======== Task inputs ========

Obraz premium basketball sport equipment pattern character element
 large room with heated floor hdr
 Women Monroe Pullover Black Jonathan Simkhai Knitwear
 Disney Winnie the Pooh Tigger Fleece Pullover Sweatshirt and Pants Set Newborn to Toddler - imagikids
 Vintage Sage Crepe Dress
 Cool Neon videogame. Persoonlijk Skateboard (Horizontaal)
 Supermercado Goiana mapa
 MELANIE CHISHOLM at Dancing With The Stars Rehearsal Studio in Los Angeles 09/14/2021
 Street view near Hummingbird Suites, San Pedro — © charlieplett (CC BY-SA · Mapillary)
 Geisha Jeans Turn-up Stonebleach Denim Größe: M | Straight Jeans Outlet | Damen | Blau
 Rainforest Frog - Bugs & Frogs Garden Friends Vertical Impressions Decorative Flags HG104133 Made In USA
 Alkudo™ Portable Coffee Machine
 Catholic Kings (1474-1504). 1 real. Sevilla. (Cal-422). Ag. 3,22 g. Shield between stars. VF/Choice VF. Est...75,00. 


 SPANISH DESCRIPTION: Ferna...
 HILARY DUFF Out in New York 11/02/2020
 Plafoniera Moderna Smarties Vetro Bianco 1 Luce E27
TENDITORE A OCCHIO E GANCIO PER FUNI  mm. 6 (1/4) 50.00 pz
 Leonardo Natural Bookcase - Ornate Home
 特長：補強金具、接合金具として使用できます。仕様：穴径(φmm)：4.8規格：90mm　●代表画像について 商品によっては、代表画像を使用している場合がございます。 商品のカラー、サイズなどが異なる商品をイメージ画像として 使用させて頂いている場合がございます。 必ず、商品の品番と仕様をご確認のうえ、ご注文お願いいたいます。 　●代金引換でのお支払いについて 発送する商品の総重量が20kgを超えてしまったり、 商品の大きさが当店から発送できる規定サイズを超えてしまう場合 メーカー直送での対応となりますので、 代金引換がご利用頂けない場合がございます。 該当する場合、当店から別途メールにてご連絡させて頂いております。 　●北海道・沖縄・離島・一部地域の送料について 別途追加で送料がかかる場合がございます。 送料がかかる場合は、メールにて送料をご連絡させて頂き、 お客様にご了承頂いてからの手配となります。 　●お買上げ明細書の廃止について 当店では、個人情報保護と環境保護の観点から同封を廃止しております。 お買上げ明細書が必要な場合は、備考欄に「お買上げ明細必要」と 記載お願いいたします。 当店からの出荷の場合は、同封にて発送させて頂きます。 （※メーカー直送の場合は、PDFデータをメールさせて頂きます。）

========

Task prompt: Each line carrying the string "Pullover" should be copied out from the entries.

Solution for this exercise:
 Women Monroe Pullover Black Jonathan Simkhai Knitwear
 Disney Winnie the Pooh Tigger Fleece Pullover Sweatshirt and Pants Set Newborn to Toddler - imagikids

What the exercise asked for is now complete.